On the other hand, on another occasion I found some music that essentially belonged to me for sale on a dodgy eastern European file downloading site.  While I was a bit upset that they were taking our royalties I was more pleased that someone saw fit to pirate our product.


So what's this all about? Gather round, let me tell you.

My Dog Sighs has a new exhibition opening this week.  At Play Dead, Highland Road, Southsea, starts Friday 13th, opposite the cemetery.  MDS wrote "a couple of lines" for the local Evening News.  Here he is, in his own words:

Quiet Little Voices seemed to come about in a moment of serendipity.

It's a been a manic year for me, working on walls, commissions and shows all over the world and I hadn't really had chance to stop and take stock until the latter part of the summer when Samo and Dan began setting up Play Dead [tattoo studio].

Both Samo and Dan are good friends of mine but their style and approach to the creative scene are very different so I was fascinated to see how the space would come together. Dan's strong colourful graphic design led background and Samo's fascination with all things dark and her painterly approach to ink seems to have merged to create a strong visual aesthetic in the space. The tattoo and the street art scene aren't often associated together but they share so much in traditionally being on the fringes of society but more recently becoming more accepted and embraced in today's grey corporate world.

The gallery is on the studio's doorstep so while they were setting up I'd pop over for a coffee, help out, pick up some paint, chat and bring my sketchbook over and sit on the sofa drawing alongside the tattooists.


I've been filling my sketchbook up recently. Taking the visual elements I use in my work and rearranging them to create a new visual language.  Instead of the very simple perfectly executed eye or face, I began to repeat and jumble them in a loose, less ordered way.  They seemed to keep the melancholy I'm known for and use new visual elements to develop a sort of lonely freakish ethereal quality.

With the gallery opening on my doorstep and a new series of drawings and prints developing it seemed the perfect opportunity to put together a small exhibition.  I even embraced the world of tattooing and have designed a few flash pages of small affordable designs which Samo is offering to tattoo over the weekend of the opening.
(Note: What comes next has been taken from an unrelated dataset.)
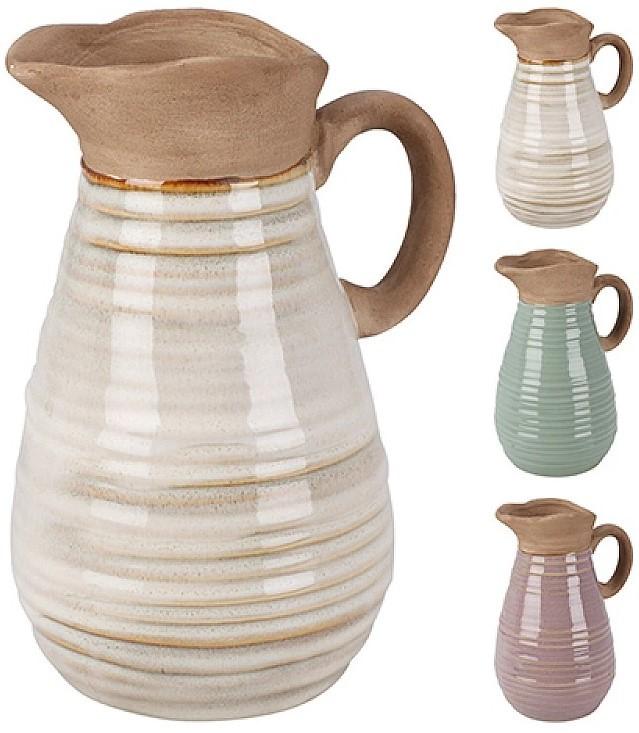 Vaza H&S Ulcior 52555 (3 culori)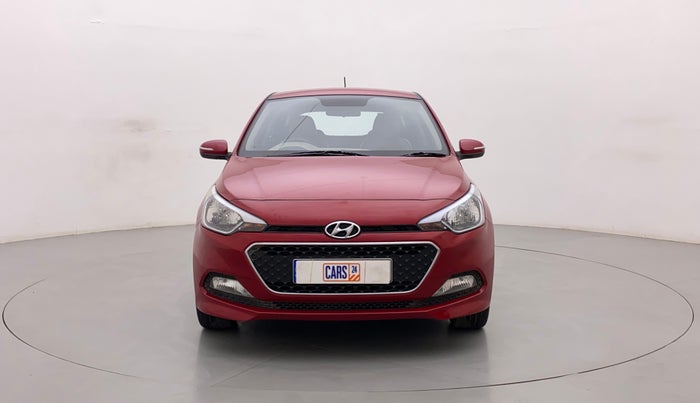 2017 Hyundai Elite i20 ASTA 1.2, Petrol, Manual, 37,313 km, Highlights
Of course my fascination with the found material continues and there are a small collections of cans, both completely crushed but also more sculptural free standing cans nestled into corners and spaces; Captured in moments of melancholy. Some have embraced the nod to a gallery called Play Dead, opposite a grave yard and are slightly darker, but not all.


It's just so happened that the show opening coincides with the release of a new project for me. Over the years I've always painted an umbrella to take to festivals. Just a bit of fun. They've always gone down well visually but the paint peels off pretty quickly so they were never anything other than a flag to stop me getting lost and to keep the rain/sun off. But I've been working with an umbrella company over the last couple of years and am really excited to announce the release of an exclusive run of specially printed mds golf umbrellas. Expect colour and fun in these. Some will be available at the opening and the rest via my website later in November.




The official opening to the exhibition is 7pm on Friday 13th November at Play Dead gallery, Highland Road, Southsea but with the response to the opening so overwhelming, we have decided to have a second 'opening' during the day on Saturday 14th from 10am til 5pm.